But his mental state had clearly deteriorated, as reflected by his irrational reasons for exercising which, he admitted, was part of a strategic, and seemingly suicidal, exit plan. When I asked if he was bulking up to undertake a hunger strike, he said no. Instead, he looked over at the door separating our meeting room from the outer corridor and noted that it was “flimsy.” When I pointed out there were well-armed guards on the other side, he declared with crazy bravado: “I’m not afraid of anyone and God help the person who challenges that. I’m a ticking time bomb…tick, tick, tick goes the clock.”

His desperate frustration is focused on what he perceives as the lack of any real interest from President Obama to bring him home. “I am suffering now because he hasn’t done anything,” he asserted.

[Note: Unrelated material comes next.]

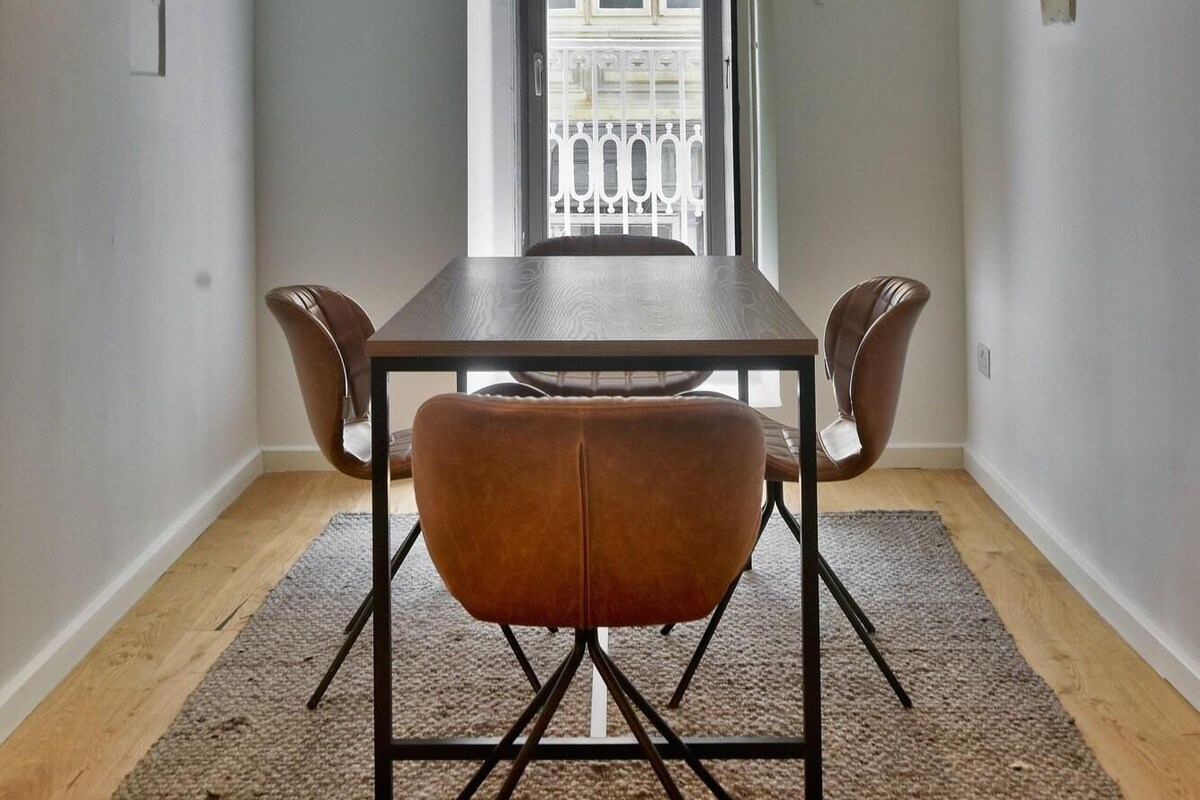 Un comedor con mesa y sillas, techo abovedado y vistas al balcón a través de una puerta.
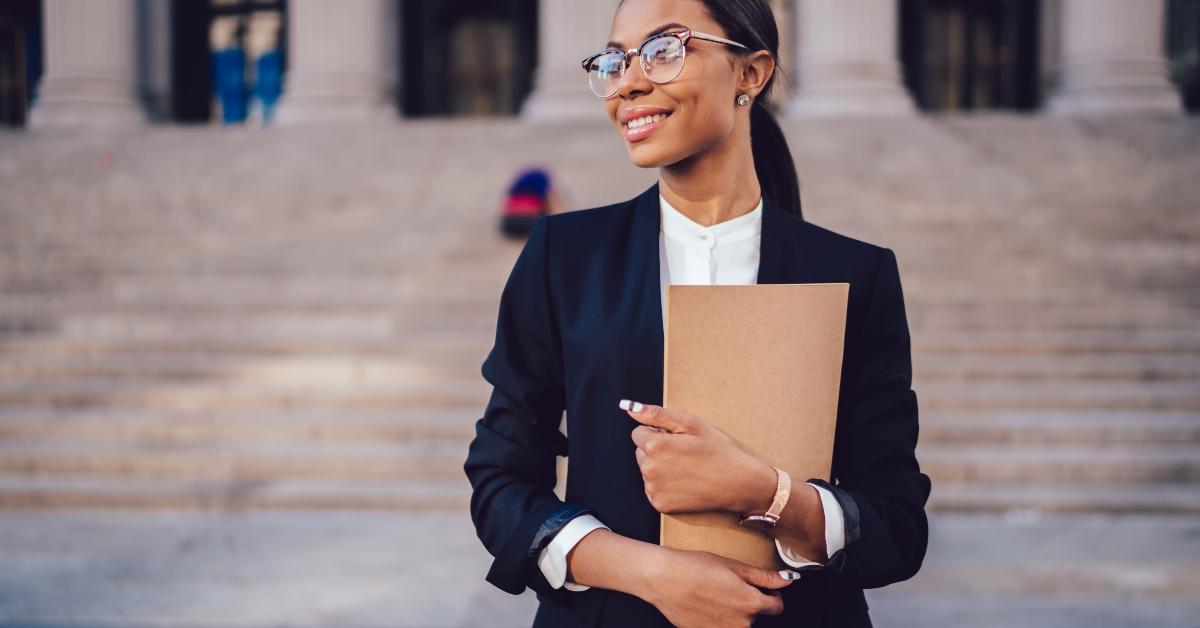 juridical specialist standing outdoors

We discussed the political obstacles the President faces. Both nationally and in the swing state of Florida, public opinion polls have shifted to majority support for improved relations, but Obama still confronts rabid conservative resistance to a dialogue with Cuba. Gross dismissed the position of the hard-line Cuban-Americans legislators, such as the powerful Senate Foreign Relations Committee chairman, Robert Menendez, who object to any negotiations with the Cuban government—particularly talks that might lead to Gross’s freedom in exchange for the release of three Cuban spies who have been incarcerated in US prisons since 1998. “If they are irrational crackpots,” he suggested, “why not just ignore them and be decisive, Mr. Obama?”

The president, he noted, had engaged in decisive diplomacy with Iran over that country’s nuclear capabilities, even placing a call to Iranian President Hassan Rouhani to push talks forward. Why couldn’t Obama undertake the same type of bold diplomatic dialogue with Raúl Castro? “You want to resolve the problem?” he advised. “Pick up the phone.”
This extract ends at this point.